Potential Market Scenarios

  1. Short-Term Volatility: In the early stages of a full-blown conflict, S&P 500 futures could experience extreme volatility. Investors might react to each new development, with futures swinging widely based on news flow. This environment would be challenging for both traders and long-term investors, requiring a nimble approach to managing positions.
  2. Flight to Safety: As uncertainty grows, there would likely be a significant shift towards safe-haven assets, including U.S. Treasuries and gold. S&P 500 futures might see sustained pressure as investors reduce their exposure to riskier assets.
  3. Energy Shock and Inflation: A prolonged conflict that disrupts oil shipments through the Straits of Hormuz could lead to an energy shock, driving up oil prices and fueling inflation. This scenario could force central banks to reconsider their monetary policies, potentially leading to higher interest rates, which would further weigh on equity markets.
  4. Recovery and Repositioning: If the conflict de-escalates or concludes, markets may begin to recover as uncertainty diminishes.

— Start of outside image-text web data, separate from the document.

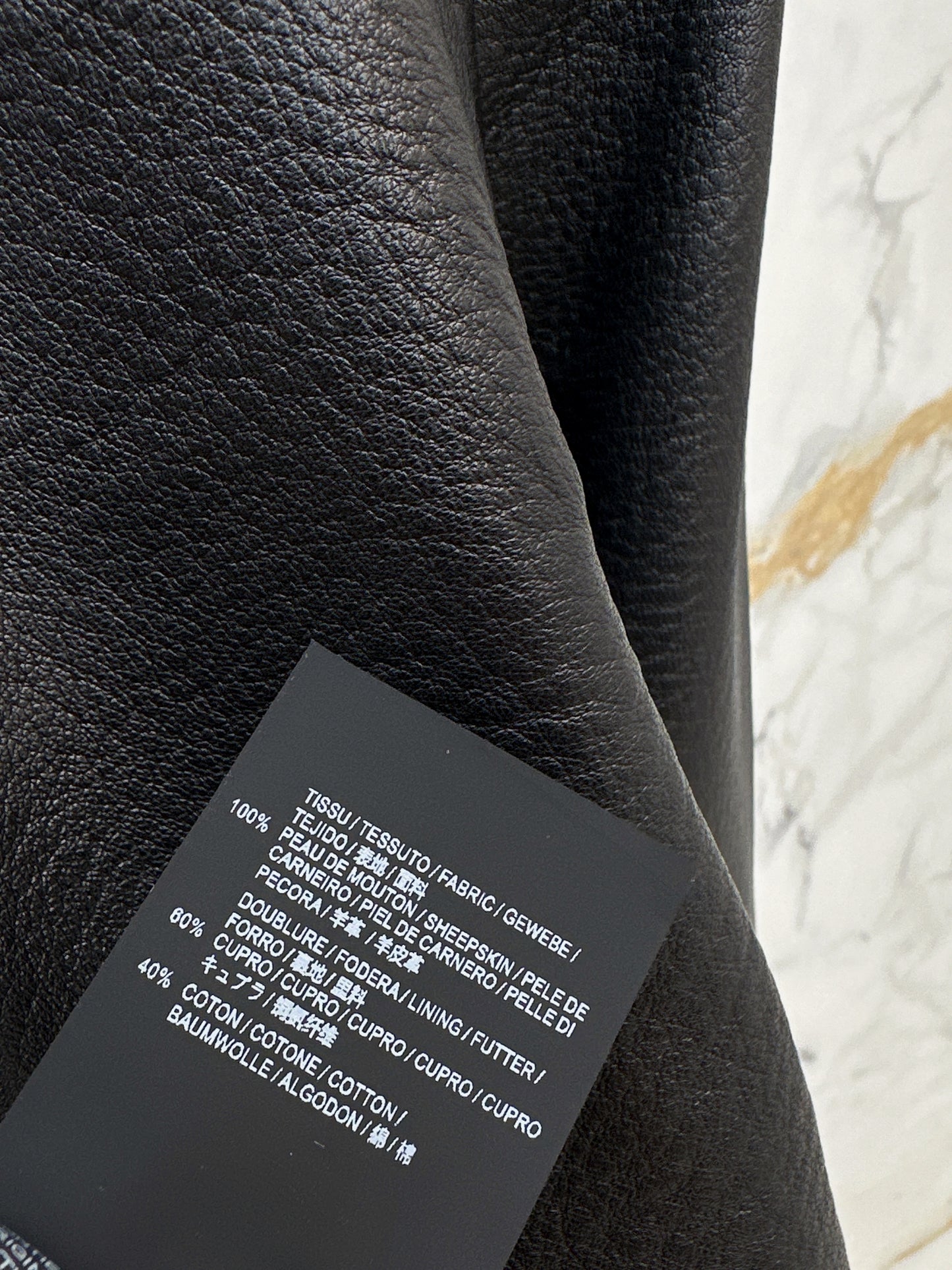 26ss Leather Jacket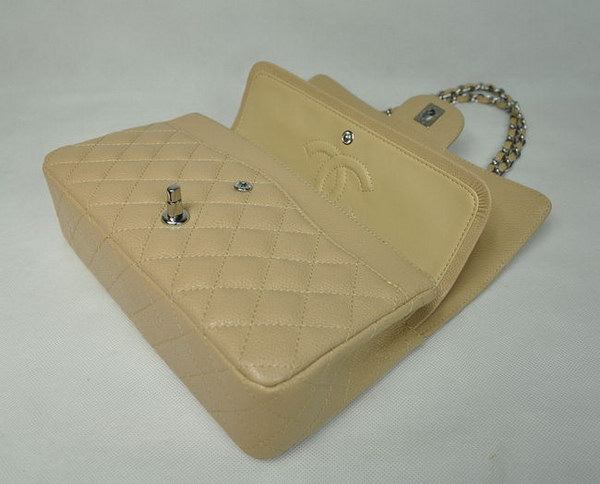 Chanel 2.55 Quilted Flap Bag 1112 Apricot with Silver Hardware Chanel 2.55 Quilted Flap Bag 1112 Apricot with Silver Hardware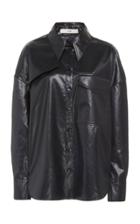 Tibi Liquid Drape Utility Shirt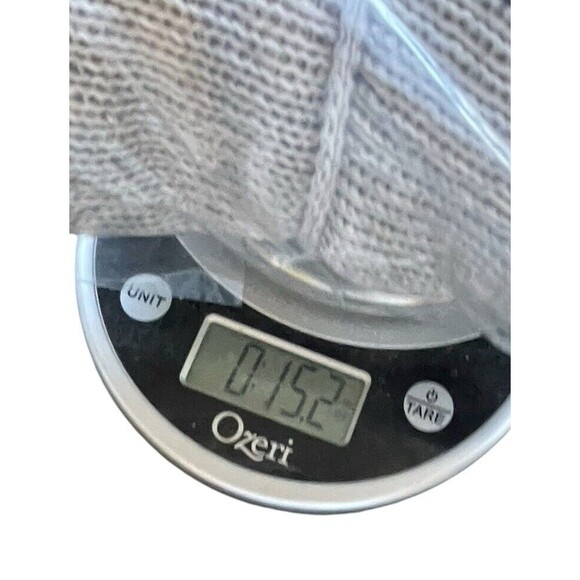 Eileen Fisher Cardigan Sweater Size Large 100% Organic Linen Draped Open Front - Picture 10 of 10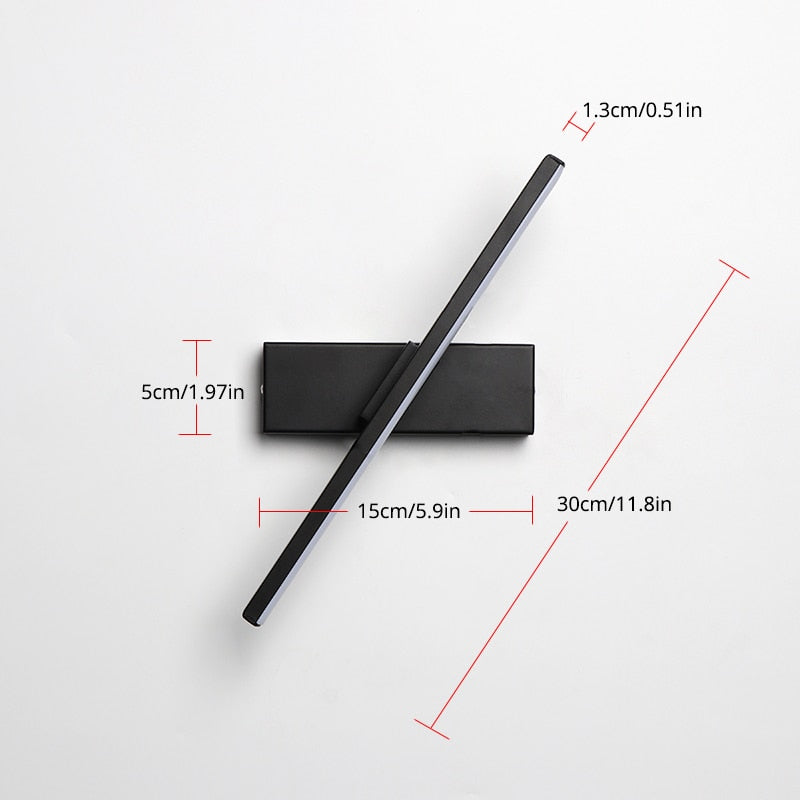 330° Rotatable Indoor LED Wall Light Leonor™ Spingar.com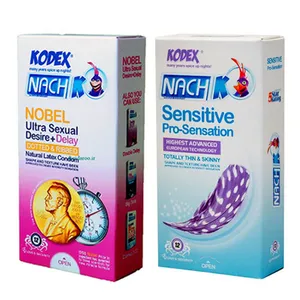 کاندوم کدکس مدل (Sensitive) 12 عددی به همراه کاندوم کدکس مدل (NOBEL) 12 عددی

However, the speed and extent of the recovery would depend on the lasting economic impact of the conflict. Investors might reposition their portfolios, gradually increasing exposure to equities as confidence returns.

Strategic Considerations for Investors

In a full-blown war scenario, maintaining a defensive posture would be prudent. Investors should focus on preserving capital and managing risk rather than chasing returns. Diversification across asset classes, including exposure to safe-haven assets, would be essential. Additionally, staying informed and agile would allow investors to adjust their positions as the situation evolves.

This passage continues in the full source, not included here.